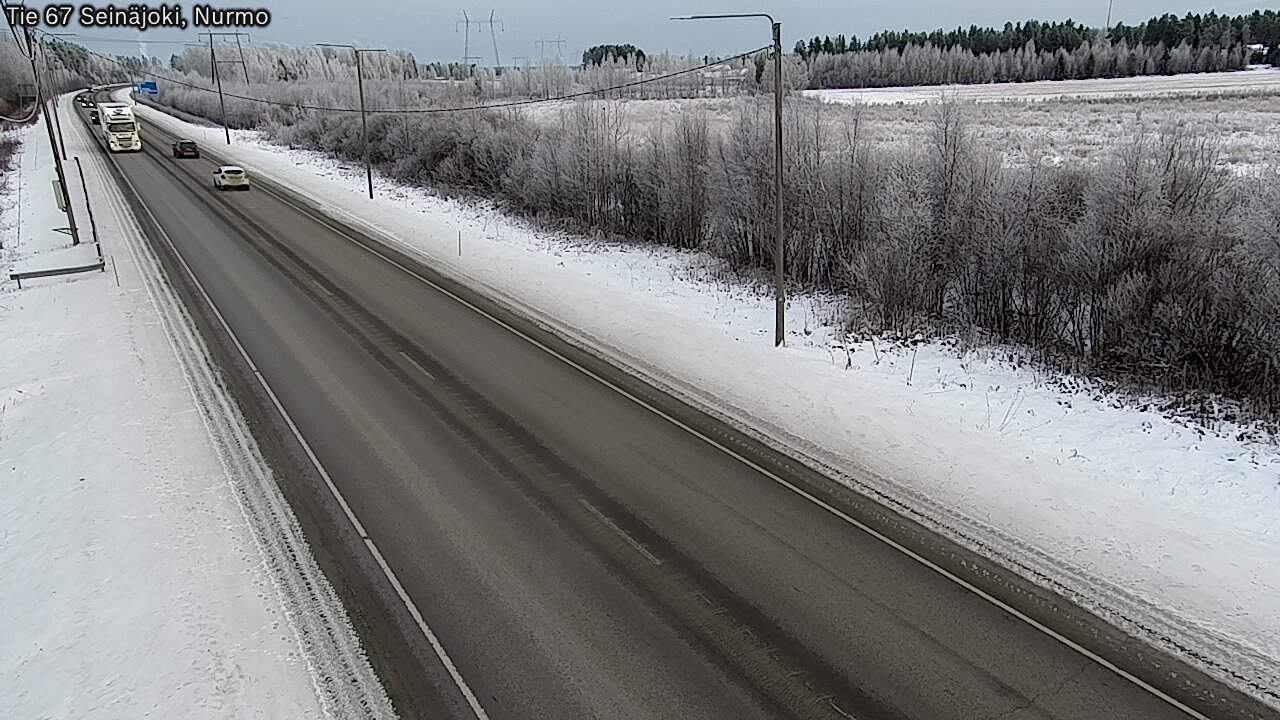 Kelikamerat Kuva Tie 67 Seinäjoki, Nurmo, Seinäjoki, Etelä-Pohjanmaa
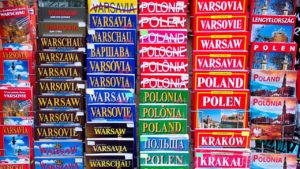 Mehr über den Artikel erfahren Mikołaj Łoziński im Deutschen Polen-Institut in Darmstadt, zu seinem Familienroman „Stramer“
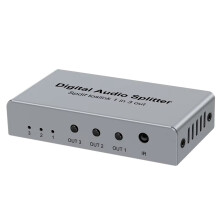Digitaalinen optinen jakaja, SPDIF TOSLINK digitaalinen optinen äänenjakaja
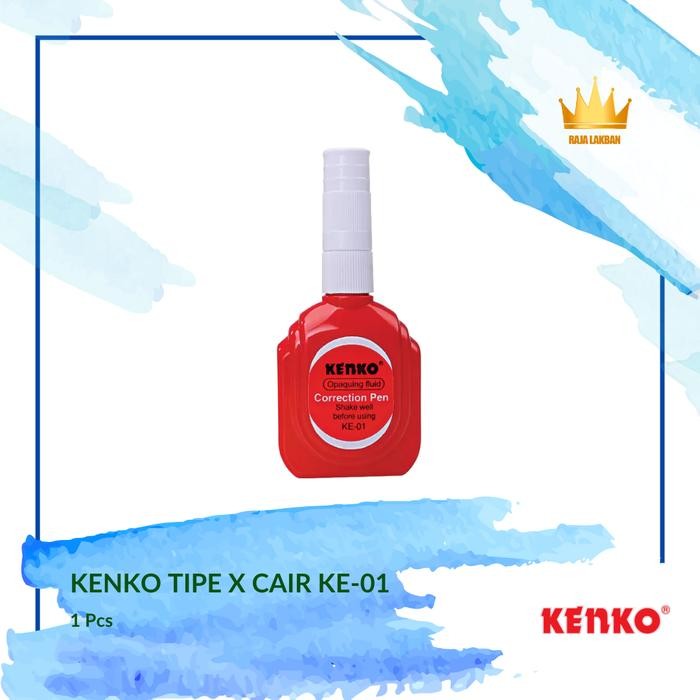 

Tip Ex Cair KE01 LUSIN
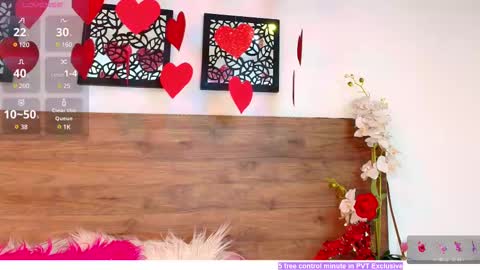 KAROL SCOTT online show from March 2025 08:14:02 PM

⁂

WORK INSTRUCTIONS:
A faithful transcription of the material, with no pictures, is the expected result.

OUTPUT FOR THIS TASK:
 Kelikamerat Kuva Tie 67 Seinäjoki, Nurmo, Seinäjoki, Etelä-Pohjanmaa
 Mehr über den Artikel erfahren Mikołaj Łoziński im Deutschen Polen-Institut in Darmstadt, zu seinem Familienroman „Stramer“
Digitaalinen optinen jakaja, SPDIF TOSLINK digitaalinen optinen äänenjakaja

Tip Ex Cair KE01 LUSIN
 KAROL SCOTT online show from March 2025 08:14:02 PM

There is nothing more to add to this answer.